### Assignment:
The answer is the full listing restated exactly, without any pictures.

** Opening Exercise data block **

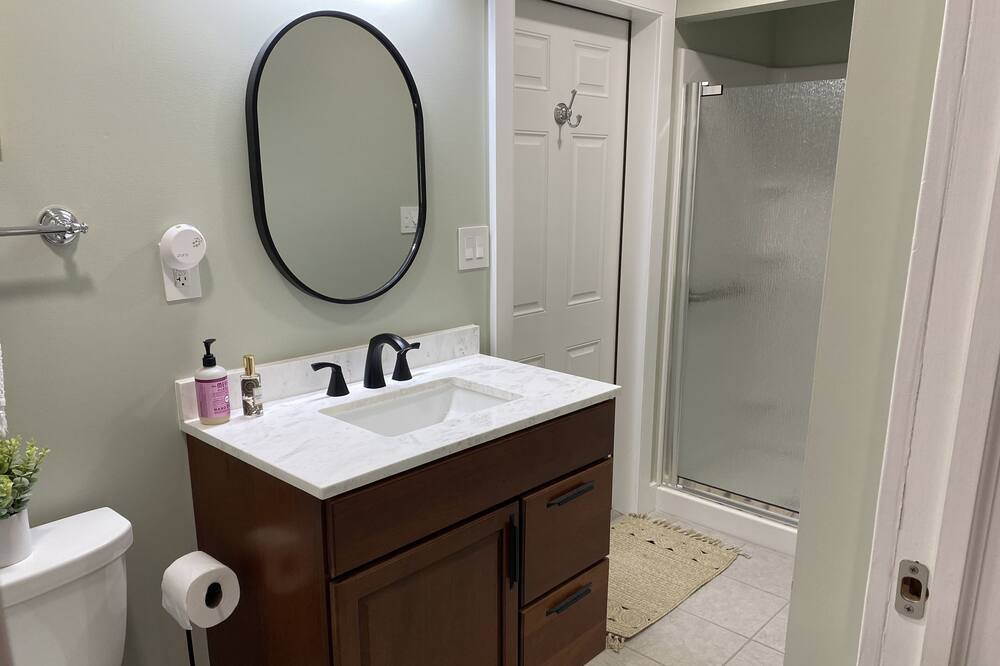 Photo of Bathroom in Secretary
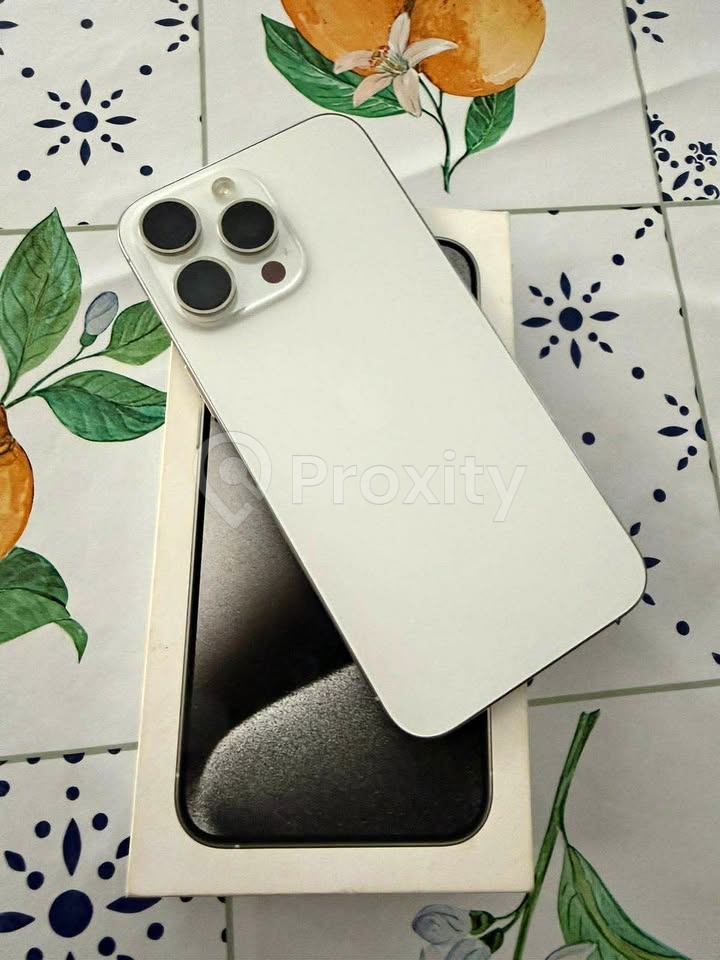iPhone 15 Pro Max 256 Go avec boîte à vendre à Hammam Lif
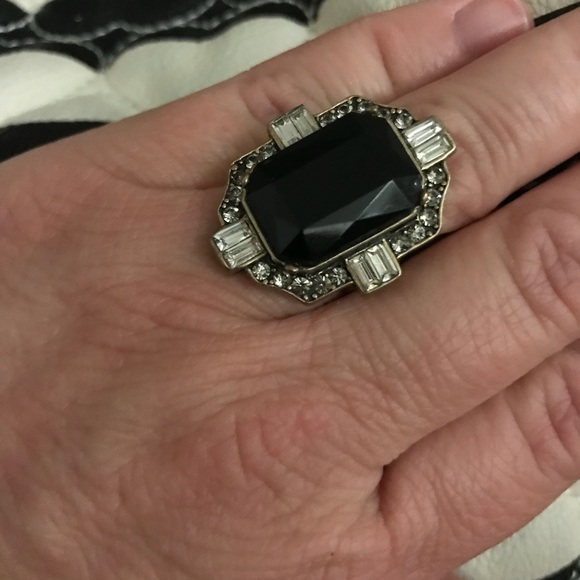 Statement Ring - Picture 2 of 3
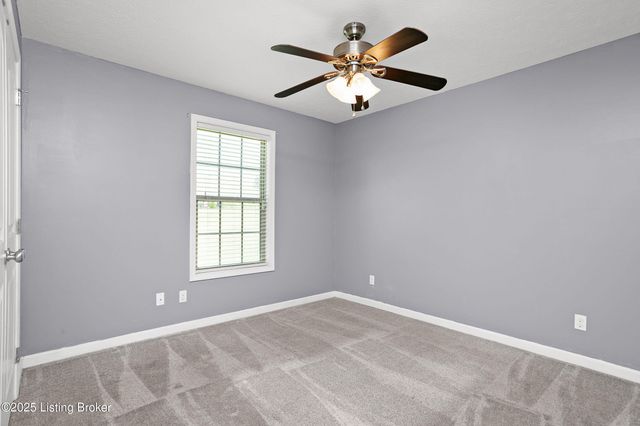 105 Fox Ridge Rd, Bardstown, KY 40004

** Closing Exercise data block **

### Result:
 Photo of Bathroom in Secretary
iPhone 15 Pro Max 256 Go avec boîte à vendre à Hammam Lif
 Statement Ring - Picture 2 of 3
 105 Fox Ridge Rd, Bardstown, KY 40004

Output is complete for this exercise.